Вот и здесь, в пятом матче характерная история: «Локомотив» забивает, камера выхватывает скамейку «Трактора» — а там прозрачные от усталости глаза, полное опустошение. Нет сил даже горевать. Все-таки череда камбэков стоит дорого — устает даже металл.
Второй период решающего матча лично мне показал: хоккеисты у Челябинска не хуже. Но Ярославль играет, «Трактор» перебарывает себя.
Мне казалось, все с этим матчем ясно. Никогда счет 1:0 не выглядел таким незыблемым.

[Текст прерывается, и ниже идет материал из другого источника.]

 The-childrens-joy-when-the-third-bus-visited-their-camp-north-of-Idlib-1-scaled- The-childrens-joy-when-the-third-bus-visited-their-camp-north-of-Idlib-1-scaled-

Я готов был написать, что «Трактор» выплеснул остаток сил на прощальный штурм. Казавшийся безнадежным.
Но вдруг случился гол!
Прости меня, «Трактор», за неверие. Время героев не прошло. Вы меня пристыдили этой шайбой.
Я не радовался и не огорчался. Я сидел совершенно ошеломленный. Как-то умудряясь переживать за тех и других.

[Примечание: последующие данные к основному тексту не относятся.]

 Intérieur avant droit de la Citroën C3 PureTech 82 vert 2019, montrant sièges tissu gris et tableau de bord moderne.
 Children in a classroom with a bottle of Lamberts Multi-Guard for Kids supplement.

Представил вдруг, как становится теплее шампанское в комнатке администратора «Локомотива».
С того момента «Трактор» был не хуже. Подтверждая один из самых странных законов, о котором только слышал: когда кажется, что сил нет — ты израсходовал 40 процентов возможностей.
Вот откуда что взялось? Я же видел эти капли пота, это опустошение в челябинских глазах!
Представил, как взметнулись тысячи рук в челябинской фан-зоне — и порадовался развитию сюжета. С драмой всегда лучше, чем без нее. В таком матче и должно быть напряженно до тряски. Слишком уж хорош был этот розыгрыш Кубка Гагарина, чтоб заканчивать его буднично.
А точка должна быть вот такой, поставленной Шалуновым — челябинским воспитанником, оставляющим «Трактор» без кубка.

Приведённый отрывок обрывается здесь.